- Fireproof means that a fabric literally will not burn. To be labeled fireproof, the Federal Trade Commission requires that a fabric must be 100% fireproof. If the fiber or fabric has been treated to prevent flames from spreading, it must be labeled as fire resistant.
- Flameproof is a synonym for fireproof.
- Flame Retardant Fabric
- A fabric that resists or retards the spreading of flames. A flame retardant fabric can be made by using fibers that are themselves flame retardant (inherently flame retardant) or by using special finishes on fabrics.
- Fire Resistant
- Fire resistant refers to a fabric or fiber that has been treated to discourage the spreading of flames.
Q. What are the different fire ratings and codes?
NFPA 701 Test Method #1 is for lightweight, single layer draperies. In this test, a hanging fabric is exposed to a flame for a specified amount of time; whether it passes depend on how much weight the fabric loses when it burns and whether any pieces that break off continue to burn. This second criterion is sometimes called drip burn.
Q. What is the test method for flame spread?
The tunnel test measures how far and how fast flames spread across the surface of the test sample. In this test, a sample of the material 20 inches wide and 25 feet long, is installed as ceiling of a test chamber and exposed to a gas flame at one end. The resulting flame spread rating (FSR) is expressed as a number on a continuous scale where inorganic reinforced cement board is 0 and red oak is 100.
Although several small-scale tests have been developed to predict flame spread ratings based on the tunnel test, these are primarily bench tests for product development. The National Fire Protection Association (NFPA) has not accepted any alternate methods for determining the flame spread characteristics of materials to be used in buildings; for this purpose, NFPA recommends only the Tunnel Test.
Q. What is ASTM E-119?
ASTM E-119 is an assembly test, not a product test. This is the test method (UL) used for fire resistance rated assemblies.
Q. What is the difference between fire retardant and fire resistance?
A fire retardant material slows burning across the surface of a combustible substrate.
A fire resistive material delays heat penetration through a substrate.
Q. Fire resistance - what is an "hourly rating" and does it compare to flame spread?
A fire-resistive rating is the time that exterior wall construction can withstand fire exposure as determined by a standard fire test. Wall construction can be classified as 4-hour, 3-hour, 2-hour, 1-hour and non-rated construction. This rating is determined by a different test, known as "Standard Methods of Fire Tests of Building Construction and Materials" NFPA No. 251, ASTM E 119, UL No. 263).
The test exposes an assembly to heat and flame on one side and tests for heat transmission, burn-through, structural integrity and ability to withstand a hose stream from a fire hose.

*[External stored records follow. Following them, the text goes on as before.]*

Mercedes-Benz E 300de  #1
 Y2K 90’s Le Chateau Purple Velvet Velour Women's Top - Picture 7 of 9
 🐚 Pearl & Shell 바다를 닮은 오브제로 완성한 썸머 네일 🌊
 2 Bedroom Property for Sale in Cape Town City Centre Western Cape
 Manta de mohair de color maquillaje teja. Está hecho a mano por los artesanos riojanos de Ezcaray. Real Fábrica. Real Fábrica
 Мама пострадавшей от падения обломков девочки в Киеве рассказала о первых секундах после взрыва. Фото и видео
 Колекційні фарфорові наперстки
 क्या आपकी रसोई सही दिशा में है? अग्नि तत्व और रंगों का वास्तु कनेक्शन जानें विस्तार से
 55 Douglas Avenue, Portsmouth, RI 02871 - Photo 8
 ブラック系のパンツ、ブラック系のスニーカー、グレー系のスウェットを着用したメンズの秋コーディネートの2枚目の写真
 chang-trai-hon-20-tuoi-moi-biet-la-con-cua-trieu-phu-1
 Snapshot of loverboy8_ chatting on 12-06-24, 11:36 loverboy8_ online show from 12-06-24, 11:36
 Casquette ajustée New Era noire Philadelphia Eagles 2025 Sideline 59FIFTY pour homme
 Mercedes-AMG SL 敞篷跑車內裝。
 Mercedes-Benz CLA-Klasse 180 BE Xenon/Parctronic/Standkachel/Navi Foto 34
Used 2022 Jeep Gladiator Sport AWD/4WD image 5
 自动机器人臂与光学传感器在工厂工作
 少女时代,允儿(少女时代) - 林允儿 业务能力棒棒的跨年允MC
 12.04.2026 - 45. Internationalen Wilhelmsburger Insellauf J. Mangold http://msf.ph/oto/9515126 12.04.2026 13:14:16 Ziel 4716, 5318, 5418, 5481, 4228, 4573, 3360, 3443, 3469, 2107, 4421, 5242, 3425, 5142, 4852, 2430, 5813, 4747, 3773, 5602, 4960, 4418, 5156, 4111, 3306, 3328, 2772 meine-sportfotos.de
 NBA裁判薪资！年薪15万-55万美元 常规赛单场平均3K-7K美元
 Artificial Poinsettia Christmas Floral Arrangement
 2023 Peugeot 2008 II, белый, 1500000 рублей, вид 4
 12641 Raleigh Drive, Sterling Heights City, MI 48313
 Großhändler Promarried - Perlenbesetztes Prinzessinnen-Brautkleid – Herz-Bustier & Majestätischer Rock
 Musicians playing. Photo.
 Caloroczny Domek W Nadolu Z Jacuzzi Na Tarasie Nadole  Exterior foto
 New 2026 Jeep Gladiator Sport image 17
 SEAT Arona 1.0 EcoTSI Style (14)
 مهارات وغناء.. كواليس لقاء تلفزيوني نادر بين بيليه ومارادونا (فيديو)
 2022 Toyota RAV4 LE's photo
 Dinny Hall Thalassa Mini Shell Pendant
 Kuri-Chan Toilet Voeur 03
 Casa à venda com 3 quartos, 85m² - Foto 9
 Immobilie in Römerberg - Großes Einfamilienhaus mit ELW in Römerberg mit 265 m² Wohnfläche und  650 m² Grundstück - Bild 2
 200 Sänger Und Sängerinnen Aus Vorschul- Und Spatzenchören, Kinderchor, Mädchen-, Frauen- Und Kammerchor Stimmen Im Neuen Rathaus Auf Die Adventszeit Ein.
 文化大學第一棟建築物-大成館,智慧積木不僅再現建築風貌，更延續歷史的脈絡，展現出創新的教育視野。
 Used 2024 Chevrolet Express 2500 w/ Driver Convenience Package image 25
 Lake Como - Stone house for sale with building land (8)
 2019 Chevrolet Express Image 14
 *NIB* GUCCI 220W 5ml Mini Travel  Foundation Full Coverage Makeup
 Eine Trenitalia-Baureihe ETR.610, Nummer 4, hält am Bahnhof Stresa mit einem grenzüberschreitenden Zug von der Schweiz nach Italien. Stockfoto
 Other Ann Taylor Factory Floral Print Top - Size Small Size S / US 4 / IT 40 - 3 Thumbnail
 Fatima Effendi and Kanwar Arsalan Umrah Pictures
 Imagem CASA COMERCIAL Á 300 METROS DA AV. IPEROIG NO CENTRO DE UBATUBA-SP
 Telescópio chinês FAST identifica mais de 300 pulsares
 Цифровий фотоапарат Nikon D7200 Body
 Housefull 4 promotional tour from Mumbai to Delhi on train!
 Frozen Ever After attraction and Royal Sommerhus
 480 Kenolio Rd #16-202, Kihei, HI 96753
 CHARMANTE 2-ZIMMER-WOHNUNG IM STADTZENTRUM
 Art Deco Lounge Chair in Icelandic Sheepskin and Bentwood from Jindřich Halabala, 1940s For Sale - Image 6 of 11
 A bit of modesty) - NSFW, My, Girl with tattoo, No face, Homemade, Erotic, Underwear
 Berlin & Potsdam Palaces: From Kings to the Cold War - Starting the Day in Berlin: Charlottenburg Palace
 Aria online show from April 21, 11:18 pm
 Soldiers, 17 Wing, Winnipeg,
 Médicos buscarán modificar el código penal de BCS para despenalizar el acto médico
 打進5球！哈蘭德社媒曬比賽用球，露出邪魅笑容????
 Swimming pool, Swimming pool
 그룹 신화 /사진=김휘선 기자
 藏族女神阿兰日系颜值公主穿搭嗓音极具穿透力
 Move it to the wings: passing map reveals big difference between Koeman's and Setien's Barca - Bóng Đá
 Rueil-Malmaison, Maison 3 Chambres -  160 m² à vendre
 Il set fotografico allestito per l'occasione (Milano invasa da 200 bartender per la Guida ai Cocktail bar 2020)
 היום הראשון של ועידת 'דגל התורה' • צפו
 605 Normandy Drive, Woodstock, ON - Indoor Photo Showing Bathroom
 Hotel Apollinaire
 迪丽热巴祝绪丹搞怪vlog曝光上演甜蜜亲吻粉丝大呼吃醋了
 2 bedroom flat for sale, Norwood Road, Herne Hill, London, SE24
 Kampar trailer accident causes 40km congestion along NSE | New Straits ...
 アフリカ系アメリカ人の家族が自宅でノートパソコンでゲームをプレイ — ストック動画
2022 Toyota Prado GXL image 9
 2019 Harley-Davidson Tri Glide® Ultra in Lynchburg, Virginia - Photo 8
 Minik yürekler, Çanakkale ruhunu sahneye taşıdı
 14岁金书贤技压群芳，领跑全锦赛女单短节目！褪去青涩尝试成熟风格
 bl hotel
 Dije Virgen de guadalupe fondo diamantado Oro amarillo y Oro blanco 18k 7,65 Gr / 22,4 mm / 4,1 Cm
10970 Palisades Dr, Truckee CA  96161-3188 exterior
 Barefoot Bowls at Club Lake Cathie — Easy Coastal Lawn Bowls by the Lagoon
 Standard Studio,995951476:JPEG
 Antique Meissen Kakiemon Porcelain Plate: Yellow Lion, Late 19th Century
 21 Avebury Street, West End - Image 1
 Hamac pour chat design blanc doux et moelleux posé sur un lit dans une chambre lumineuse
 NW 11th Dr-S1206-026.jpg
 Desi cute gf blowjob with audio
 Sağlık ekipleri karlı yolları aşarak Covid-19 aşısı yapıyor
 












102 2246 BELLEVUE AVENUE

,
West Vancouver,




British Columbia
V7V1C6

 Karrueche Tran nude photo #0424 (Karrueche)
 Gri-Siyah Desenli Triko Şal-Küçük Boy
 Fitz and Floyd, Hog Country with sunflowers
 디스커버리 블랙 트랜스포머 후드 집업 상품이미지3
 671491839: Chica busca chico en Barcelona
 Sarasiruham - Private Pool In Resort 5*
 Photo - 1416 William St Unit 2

Hourly Ratings are assigned only to complete assemblies, of structural materials for buildings, (wall, floor, door, ceiling, roof, etc.) and generally require use of a noncombustible membrane (e.g. gypsum, masonry). Hourly ratings have are NOT assigned to any one single component of a complete assembly such as a paint coating, wall covering or other single building material. There is no such thing as a paint coating, additive or treatment that can be applied to any and all wall or ceiling configurations which will give a 1, 2 or 3 hour rating.
Q. What is ASTM
Formerly known as the American Society for Testing and Materials, ASTM International provides standards that are accepted and used in research and development, product testing, quality systems and commercial transactions around the globe.
Q. What is the purpose of the flame spread test?
The purpose of this test method is to determine the relative burning behavior of the material by observing the flame spread along the specimen. Flame spread and smoke developed index are reported.